Roy Keane insisted he does not need to be 'tamed' after accepting the role as Martin O’Neill’s assistant in the new Republic of Ireland coaching set-up.

Keane says O'Neill is the 'bad cop' in their partnership.
Keane says he is 'like Mother Teresa' compared to O'Neill.

Palmer: O'Neill's Irish pride

Keane's first press conference in his new role caught the attention of the nation on Wednesday afternoon. Local television station TV3 rescheduled their programming to broadcast Keane’s full half-hour media appearance live, with the former Manchester United and Republic of Ireland captain showing why he still commands so much attention.
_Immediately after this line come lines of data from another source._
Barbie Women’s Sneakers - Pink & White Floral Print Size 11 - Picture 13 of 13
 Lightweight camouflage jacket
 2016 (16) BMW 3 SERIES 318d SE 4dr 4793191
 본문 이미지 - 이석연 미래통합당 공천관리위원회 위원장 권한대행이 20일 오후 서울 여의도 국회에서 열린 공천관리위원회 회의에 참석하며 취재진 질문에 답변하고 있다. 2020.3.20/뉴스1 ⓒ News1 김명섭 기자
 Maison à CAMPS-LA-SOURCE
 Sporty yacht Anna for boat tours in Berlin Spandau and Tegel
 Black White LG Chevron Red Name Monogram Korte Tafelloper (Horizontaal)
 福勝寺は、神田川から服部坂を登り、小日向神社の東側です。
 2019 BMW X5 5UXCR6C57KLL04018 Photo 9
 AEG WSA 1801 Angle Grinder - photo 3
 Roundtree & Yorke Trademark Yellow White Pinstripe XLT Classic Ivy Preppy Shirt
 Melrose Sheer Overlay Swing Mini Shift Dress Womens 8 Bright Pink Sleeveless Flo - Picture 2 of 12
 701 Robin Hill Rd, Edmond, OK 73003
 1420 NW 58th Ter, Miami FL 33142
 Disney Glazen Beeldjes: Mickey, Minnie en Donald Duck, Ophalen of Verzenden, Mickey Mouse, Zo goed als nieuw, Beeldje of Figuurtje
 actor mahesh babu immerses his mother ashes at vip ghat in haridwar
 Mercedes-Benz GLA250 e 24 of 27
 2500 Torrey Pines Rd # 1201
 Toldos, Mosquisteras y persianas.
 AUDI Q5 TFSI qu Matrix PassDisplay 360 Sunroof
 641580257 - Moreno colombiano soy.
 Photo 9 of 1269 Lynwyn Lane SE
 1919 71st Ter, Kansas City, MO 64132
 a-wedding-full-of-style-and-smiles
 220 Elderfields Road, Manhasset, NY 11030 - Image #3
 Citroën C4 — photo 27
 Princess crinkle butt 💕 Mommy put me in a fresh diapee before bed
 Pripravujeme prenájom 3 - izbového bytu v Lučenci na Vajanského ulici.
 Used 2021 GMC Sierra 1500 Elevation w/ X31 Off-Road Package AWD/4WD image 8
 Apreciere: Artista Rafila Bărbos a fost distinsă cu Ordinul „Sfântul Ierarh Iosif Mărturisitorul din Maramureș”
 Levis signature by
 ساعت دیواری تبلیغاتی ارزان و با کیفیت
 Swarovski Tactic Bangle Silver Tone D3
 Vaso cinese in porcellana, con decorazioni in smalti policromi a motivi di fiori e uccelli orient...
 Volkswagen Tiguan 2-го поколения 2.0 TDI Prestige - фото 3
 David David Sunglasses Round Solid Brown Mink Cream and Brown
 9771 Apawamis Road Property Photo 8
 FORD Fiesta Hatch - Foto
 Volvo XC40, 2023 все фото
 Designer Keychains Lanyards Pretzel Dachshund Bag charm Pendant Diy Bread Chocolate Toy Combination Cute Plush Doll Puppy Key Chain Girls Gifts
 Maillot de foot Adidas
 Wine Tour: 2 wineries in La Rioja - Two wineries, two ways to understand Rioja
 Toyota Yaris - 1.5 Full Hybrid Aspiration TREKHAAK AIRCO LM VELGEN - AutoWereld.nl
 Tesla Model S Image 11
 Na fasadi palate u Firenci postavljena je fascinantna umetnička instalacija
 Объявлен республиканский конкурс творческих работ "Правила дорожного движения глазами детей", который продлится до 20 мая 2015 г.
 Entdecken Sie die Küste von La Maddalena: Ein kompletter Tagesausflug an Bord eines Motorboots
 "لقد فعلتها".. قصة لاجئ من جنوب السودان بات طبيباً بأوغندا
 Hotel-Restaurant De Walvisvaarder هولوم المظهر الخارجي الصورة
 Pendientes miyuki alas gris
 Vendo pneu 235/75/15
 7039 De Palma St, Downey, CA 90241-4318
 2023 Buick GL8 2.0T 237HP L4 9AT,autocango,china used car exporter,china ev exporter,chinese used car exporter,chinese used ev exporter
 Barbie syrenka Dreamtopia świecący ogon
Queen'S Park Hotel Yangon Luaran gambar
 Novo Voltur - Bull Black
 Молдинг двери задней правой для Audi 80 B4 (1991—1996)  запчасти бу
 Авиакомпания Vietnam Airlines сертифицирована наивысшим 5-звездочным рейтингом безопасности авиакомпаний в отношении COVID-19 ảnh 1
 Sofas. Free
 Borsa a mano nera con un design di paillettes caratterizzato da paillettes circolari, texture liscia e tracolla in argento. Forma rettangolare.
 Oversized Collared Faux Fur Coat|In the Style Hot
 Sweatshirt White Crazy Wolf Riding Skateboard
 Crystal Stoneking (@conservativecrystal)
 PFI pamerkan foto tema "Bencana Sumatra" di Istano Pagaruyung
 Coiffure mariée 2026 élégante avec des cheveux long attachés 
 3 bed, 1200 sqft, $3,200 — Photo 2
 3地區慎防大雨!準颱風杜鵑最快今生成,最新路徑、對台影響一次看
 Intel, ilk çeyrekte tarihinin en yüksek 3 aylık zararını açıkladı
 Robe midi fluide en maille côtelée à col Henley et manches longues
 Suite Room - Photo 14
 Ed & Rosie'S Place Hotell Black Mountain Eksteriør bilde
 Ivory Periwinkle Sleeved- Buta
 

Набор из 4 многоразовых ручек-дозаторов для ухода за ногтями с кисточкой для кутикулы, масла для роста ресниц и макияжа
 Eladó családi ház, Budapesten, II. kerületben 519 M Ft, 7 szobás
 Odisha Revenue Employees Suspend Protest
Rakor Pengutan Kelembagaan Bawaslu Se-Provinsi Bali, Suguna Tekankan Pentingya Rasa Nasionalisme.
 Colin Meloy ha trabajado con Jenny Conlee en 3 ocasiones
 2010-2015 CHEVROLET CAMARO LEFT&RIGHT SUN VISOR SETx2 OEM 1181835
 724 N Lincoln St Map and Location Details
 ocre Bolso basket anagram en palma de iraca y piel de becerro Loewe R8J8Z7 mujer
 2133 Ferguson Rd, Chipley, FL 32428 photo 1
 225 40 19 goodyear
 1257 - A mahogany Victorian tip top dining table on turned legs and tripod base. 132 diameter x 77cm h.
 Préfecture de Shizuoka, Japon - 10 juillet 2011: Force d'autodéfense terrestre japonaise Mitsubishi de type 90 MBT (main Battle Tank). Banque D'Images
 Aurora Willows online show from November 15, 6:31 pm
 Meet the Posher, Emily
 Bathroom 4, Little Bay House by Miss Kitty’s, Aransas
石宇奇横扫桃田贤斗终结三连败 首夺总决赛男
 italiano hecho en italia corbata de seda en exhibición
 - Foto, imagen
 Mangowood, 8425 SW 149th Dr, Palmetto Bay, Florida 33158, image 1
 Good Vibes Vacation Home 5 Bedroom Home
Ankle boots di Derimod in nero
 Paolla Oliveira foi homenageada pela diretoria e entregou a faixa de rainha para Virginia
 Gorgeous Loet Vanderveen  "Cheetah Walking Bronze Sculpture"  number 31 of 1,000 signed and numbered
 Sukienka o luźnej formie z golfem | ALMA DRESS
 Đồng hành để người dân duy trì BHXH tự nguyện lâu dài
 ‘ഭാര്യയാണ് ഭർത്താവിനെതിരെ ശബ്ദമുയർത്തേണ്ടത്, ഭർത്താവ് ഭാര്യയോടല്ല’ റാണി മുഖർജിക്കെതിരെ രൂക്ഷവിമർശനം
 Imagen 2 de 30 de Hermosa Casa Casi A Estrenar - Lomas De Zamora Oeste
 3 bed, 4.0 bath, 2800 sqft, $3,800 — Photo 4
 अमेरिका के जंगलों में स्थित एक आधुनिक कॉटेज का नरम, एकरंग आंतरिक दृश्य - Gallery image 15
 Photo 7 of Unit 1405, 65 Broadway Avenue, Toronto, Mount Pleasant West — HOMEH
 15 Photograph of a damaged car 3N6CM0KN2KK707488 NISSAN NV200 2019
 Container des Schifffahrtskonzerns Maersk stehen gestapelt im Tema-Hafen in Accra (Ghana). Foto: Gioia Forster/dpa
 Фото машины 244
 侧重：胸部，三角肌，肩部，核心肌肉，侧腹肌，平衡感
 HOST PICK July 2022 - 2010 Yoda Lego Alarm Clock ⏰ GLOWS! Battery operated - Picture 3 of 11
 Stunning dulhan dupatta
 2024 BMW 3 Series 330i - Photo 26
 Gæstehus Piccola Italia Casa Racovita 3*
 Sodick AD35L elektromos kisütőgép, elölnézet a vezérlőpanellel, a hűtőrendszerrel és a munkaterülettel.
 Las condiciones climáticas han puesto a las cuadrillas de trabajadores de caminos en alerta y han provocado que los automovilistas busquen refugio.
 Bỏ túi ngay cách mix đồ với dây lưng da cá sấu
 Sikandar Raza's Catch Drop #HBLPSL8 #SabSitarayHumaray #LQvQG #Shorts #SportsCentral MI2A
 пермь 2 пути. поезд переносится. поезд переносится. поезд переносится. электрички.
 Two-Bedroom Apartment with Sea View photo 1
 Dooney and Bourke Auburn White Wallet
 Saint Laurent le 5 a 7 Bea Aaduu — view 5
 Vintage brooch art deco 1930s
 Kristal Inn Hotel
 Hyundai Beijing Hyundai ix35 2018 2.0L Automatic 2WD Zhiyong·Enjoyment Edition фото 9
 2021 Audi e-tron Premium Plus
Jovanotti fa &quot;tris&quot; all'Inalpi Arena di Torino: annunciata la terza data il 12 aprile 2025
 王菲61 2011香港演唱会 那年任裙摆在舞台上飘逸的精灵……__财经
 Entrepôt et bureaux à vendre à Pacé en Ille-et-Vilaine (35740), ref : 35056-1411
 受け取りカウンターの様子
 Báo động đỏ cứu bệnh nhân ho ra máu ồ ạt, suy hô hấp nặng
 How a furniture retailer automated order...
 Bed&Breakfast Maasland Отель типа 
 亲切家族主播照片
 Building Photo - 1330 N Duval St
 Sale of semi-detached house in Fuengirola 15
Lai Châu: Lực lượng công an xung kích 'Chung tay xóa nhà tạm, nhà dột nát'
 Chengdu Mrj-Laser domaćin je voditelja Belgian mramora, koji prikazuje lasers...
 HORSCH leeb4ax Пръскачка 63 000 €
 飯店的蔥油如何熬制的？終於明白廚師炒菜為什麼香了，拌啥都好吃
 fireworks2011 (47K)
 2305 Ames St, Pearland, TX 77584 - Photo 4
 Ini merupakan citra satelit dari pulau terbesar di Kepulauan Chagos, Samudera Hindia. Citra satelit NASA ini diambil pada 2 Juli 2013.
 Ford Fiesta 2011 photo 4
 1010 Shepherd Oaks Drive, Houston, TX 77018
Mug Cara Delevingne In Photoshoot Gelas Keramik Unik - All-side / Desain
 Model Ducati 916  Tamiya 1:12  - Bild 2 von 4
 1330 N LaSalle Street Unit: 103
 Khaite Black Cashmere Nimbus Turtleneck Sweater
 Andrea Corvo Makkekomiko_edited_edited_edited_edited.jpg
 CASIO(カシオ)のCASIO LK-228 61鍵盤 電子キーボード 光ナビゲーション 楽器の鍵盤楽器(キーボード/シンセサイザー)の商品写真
The former Sunderland and Ipswich boss was quick to reject the idea that O’Neill has taken a gamble by appointing Keane as his high-profile No. 2 as he looks forward to his first game as assistant boss against Latvia on Friday.

"I’m going to have to be the good cop compared to Martin," protested Keane, when asked whether he would have to rein in his notorious passion. "You don’t know Martin as well as I do. He makes me look like Mother Teresa.

"No seriously, there’s nothing for Martin to tame. I’m not some kind of an animal. I’m a footballing man. I like to work hard, push people. I have got that wrong on one or two occasions down the years, but in general I got that right.

"I am very demanding, I don’t settle for second best and I’m not going to make any excuses for that. It’s part of my make-up. The day I lose my passion for football is the day I stay well out of it. In any sport, if you don’t have passion, you are in big, big trouble, but don’t think I’m going to be the bad cop here.

"I make no excuse for pushing players. Having taken some training sessions we have good players here. You want to put demands on people, but there is a way of getting that message across and that’s all about dealing with people.

"The chance to work with Martin was a big attraction to this job and shows how strong he is that he got me on board here, as some people might see me as a trouble-maker of some sort. That couldn’t be further from the truth.

"I know people think I’m a little bit crazy, but I’ve have been crazy to turn this down. There wasn’t a bone in my body that said no to this."

Keane insisted his troubled past with the Football Association of Ireland is no barrier to his hopes of success with O’Neill, as he stressed the issues that forced him to walk out on the Ireland team days before the 2002 World Cup finals need to be forgotten.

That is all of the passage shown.